Segnatevi "fondi statali". Saranno due parole fondamentali nel prosieguo della storia.
E detta stazione di rifornimento oggi esiste. Ed è sita di fronte al deposito degli autocompattatori.
E quindi, direte voi? La città pagherà come un normale cliente privato quando gli autocompattatori faranno il pieno lì. Nulla di drammatico.
Ma voi la fate facile... il fatto è che dato che la stazione di rifornimento è stata finanziata con i soldi per gli autobus... solo gli autobus - e nessun altro, né pubblico né privato - possono rifornirsi lì. Indipendentemente dal se e dal quanto si è disposti a pagare. Se no lo stato ritira il finanziamento.
Ok, allora continueranno semplicemente a fare gli antipatici 30 km fino a Rheda-Wiedenbrück. Giusto?
Quindi gli autocompattatori dovrebbero andare fino a Münster per rifornirsi, molto più lontano di Rheda-Wiedenbrück. Solo l'andata e ritorno da Münster consumerebbe i due terzi del pieno di idrogeno.
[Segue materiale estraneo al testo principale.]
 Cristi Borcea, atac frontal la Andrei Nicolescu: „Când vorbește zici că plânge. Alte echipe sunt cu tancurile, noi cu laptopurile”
E gli autocompattatori di Bielefeld continuano a non poter attraversare la strada per rifornirsi dove si riforniscono gli autobus (sempre di Bielefeld). Se no la città perde i finanziamenti per il trasporto pubblico.
Bielefeld ha riportato in garage gli autocompattatori a idrogeno e rimesso in strada quelli a diesel.